09-11-2009, 01:21 PM
I've implemented and tested geometry instancing on a bunch of simple, 4 polygon tree models. I'm packing the tree positions in a texture buffer. My 285 takes close to 16 ms a frame to render about 10 batches of 5,000 trees.

I've also merged all the tree geometry together, so I have the same number of batches, but I'm just calling the good ol' glDrawElements. If the tree groups are compiled into display lists, the frame time is just 5 ms. If not, then the frame time is about 10 ms.

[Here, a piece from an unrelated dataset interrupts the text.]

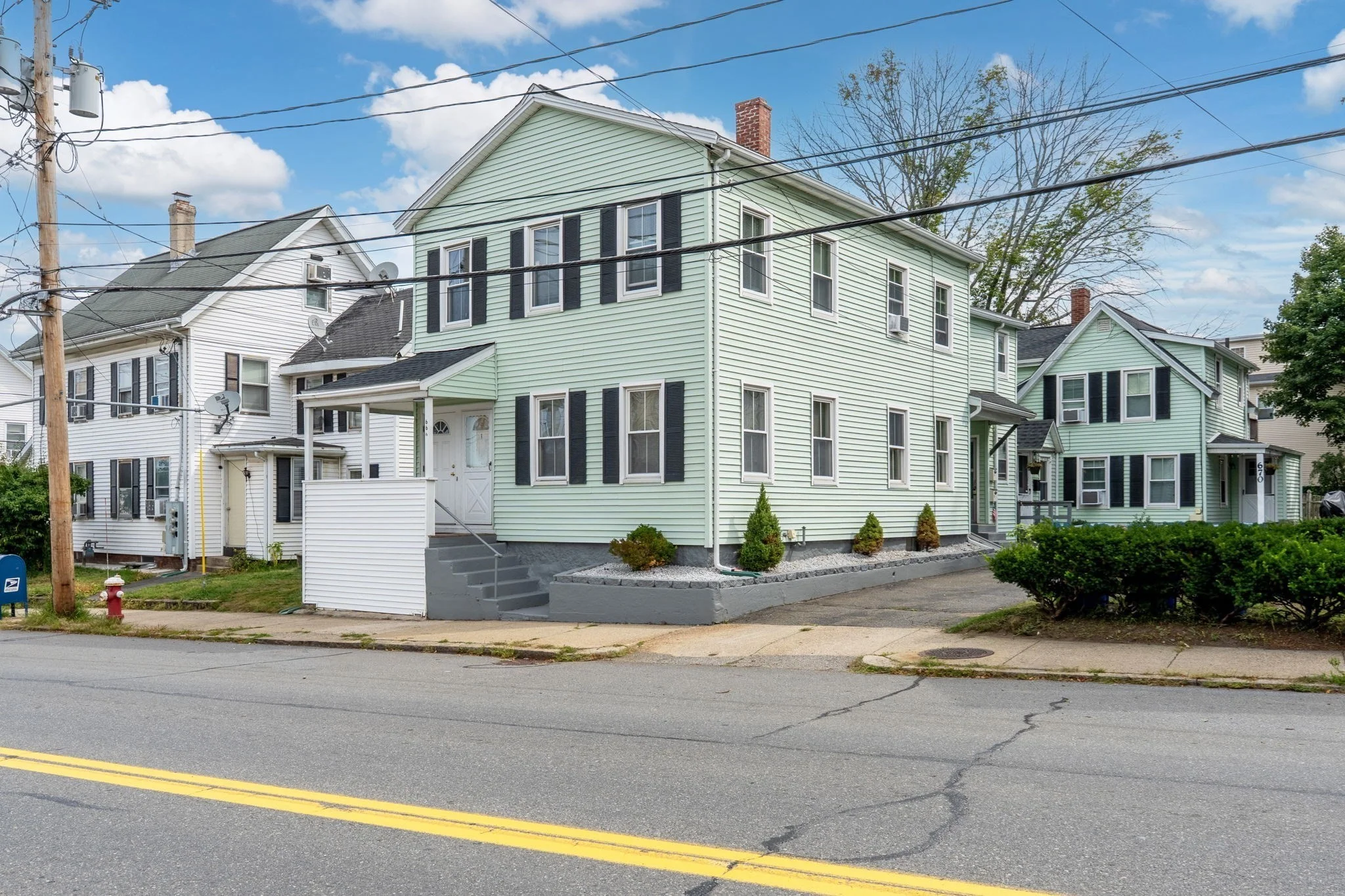 2 bed, 1 bath apartment for rent at 666 Main St Unit 1, Wakefield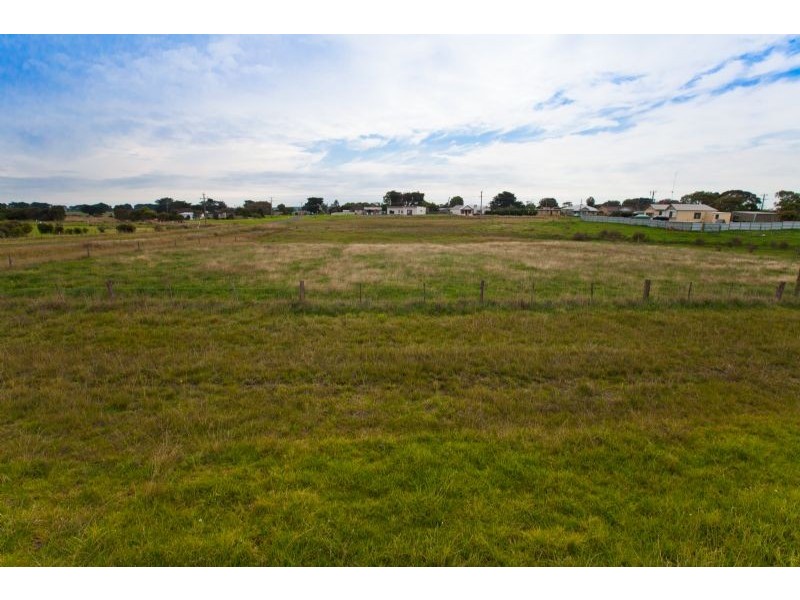 1 Crn of Wriothesley & Chester Street, Yambuk VIC 3285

So, in this simple case, I've found that instancing performs worse than straight GL calls. Have others reached a similar conclusion? Is there a batch size or model polygon count for which instancing would outperform regular GL calls for static objects?

Alfonse Reinheart
09-11-2009, 02:10 PM
First, what kind of instancing are you using?

Second, what hardware and drivers are you using? Have you tested with other hardware?

09-11-2009, 05:02 PM
geforce 285. I don't see any reason to test with a lesser card.

I'm using the instancing described in EXT_draw_instanced. I store the per instance data in a texture buffer object (EXT_texture_buffer_object) and access it in the vertex shader with gl_InstanceID.

Alfonse Reinheart
09-11-2009, 05:28 PM
My 285 takes close to 16 ms a frame to render about 10 batches of 5,000 trees.

Are you rendering 5,000 instances in a single draw call, and you're making 10 of them, or are you rendering 10 instances in 5,000 draw calls?

Also, since you have a GL 3.x-capable card, are you using VAOs for your vertex data?

09-11-2009, 05:45 PM
Yes, 5,000 instances in a single draw call and I'm making 10 calls. It's only 20,000 triangles per call though. I need to test with a more complex model.

I don't have the code in front of me now, but I doubt it's using VAOs.

Alfonse Reinheart
09-11-2009, 06:00 PM
Wait, each instance is only 4 triangles? The per-instance overhead is what's going to dominate performance there. You should at least have enough triangles per instance to fill up the post transform cache.

09-12-2009, 02:17 AM
I am not entirely certain whether this is "normal behavior" and whether it is so still today, but i think when i used instancing i discovered that rendering x instances is fine, and rendering >x instances became slower again.

I rendered more complex models though.